Dark Horse forums became a place of interesting discussion lately and I couldn't keep my big mouth shut. While current debates mostly focus on "OOC or not OOC", this one is a bit different. Was humanizing demons a mistake from Joss' part?

On Dark Horse Forums Inthenameofmbi wrote
Joss made a terrible mistake there. That was the beginning of the end for good casting/character choices for the series. You can't just start "exploring humanity" with a character that was already established as an evil demon just because he had one OOC episode. That was a mistake that cost the show everything in the end. Bad Joss! Be more respectful of your creations next time. [/pretends Joss is listening]

I replied:

I also happen to think that Joss has made an enormous strategical mistake.

But I tend to think he made it a bit earlier - when he conceived and executed the Angelus arc. By introducing Angelus Joss had frozen the show in a simplified "us good them bad" moral attitude.

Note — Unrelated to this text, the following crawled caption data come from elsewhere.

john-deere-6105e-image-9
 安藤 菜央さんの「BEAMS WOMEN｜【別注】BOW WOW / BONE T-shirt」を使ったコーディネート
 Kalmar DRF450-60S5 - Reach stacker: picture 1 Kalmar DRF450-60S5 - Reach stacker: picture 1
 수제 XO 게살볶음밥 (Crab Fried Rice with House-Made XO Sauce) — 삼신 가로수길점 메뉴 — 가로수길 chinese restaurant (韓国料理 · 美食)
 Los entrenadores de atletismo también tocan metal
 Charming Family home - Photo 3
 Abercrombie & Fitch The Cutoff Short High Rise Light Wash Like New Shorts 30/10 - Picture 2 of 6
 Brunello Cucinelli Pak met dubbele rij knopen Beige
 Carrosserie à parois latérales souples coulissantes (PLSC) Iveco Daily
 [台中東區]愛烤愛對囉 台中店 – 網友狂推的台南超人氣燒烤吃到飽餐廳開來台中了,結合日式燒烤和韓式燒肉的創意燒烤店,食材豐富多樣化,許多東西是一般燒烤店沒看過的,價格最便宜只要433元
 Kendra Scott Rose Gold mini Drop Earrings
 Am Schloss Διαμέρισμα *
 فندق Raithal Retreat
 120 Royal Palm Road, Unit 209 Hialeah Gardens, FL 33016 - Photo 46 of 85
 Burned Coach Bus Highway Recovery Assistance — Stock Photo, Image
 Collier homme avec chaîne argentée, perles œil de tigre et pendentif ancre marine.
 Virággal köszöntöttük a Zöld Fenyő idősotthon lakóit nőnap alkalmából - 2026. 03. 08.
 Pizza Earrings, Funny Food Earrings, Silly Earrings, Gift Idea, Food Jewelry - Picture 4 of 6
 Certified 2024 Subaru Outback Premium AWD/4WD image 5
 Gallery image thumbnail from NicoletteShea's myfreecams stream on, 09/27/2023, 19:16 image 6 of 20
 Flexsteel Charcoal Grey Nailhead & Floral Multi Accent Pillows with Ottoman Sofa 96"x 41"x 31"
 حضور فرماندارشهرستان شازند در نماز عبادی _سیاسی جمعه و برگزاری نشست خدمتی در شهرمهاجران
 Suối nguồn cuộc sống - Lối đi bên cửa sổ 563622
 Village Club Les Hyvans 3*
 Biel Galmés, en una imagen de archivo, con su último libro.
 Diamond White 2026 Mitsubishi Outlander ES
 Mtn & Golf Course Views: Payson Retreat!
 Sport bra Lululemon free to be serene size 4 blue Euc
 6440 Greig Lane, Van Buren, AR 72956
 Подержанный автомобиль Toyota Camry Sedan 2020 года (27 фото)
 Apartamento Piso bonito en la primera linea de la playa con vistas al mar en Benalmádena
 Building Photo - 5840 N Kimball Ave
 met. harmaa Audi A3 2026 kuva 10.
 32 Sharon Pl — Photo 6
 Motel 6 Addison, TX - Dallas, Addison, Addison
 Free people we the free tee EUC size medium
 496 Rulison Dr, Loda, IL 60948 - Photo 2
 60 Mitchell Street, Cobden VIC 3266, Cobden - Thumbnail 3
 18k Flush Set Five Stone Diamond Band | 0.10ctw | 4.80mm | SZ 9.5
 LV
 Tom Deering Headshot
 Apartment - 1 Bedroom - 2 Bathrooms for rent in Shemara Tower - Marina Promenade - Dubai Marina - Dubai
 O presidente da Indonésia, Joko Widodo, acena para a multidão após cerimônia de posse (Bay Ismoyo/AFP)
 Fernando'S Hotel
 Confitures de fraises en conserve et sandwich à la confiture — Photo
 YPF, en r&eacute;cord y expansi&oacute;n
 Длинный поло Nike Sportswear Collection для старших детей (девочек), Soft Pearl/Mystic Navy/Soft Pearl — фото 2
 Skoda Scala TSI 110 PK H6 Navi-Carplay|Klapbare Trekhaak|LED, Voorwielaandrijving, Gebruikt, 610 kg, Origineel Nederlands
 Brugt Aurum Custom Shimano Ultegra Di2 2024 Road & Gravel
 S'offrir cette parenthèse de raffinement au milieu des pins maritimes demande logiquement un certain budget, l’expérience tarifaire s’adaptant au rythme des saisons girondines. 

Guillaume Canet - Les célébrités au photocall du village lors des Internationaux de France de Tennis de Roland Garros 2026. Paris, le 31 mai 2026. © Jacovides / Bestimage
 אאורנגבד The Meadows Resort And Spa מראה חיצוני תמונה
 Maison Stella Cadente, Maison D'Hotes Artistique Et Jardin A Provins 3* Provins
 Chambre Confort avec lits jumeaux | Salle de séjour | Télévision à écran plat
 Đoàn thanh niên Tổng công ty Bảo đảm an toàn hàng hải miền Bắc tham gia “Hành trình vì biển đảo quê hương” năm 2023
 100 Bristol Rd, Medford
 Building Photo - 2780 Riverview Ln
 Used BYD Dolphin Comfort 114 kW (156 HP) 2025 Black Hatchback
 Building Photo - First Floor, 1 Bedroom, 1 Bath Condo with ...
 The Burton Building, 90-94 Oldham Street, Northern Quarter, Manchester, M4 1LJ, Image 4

That's why I think that Angelus arc, being brilliant per ce, paradoxically had an overall crippling effect on the show. Joss and Co should have depicted Angelus more controversially, showed him struggling with his emotions, his confusion and desperation at the face of love.

I think that by season 2 it became obvious that BtVS is an epic show with bigger-than-life characters and bigger-than-life situations. In this epic dimension demons are incredibly compelling and fascinating; their scale of personality is bigger; their journeys are more rewarding.

In this situation it would be logical to develop and explore demon characters more closely, experiment with them more creatively, make them interact with humans to make human characters grow. Yet with the introduction of Angelus this option became practically impossible.

During season 3 Joss has been hopelessly stuck with the only "limited" monster - werewolf Oz. (Interesting side note: all the male demons in the regular cast have a creative streak. Angel is an artist, Spike is a poet, Oz is a musician. Self-identificating much?)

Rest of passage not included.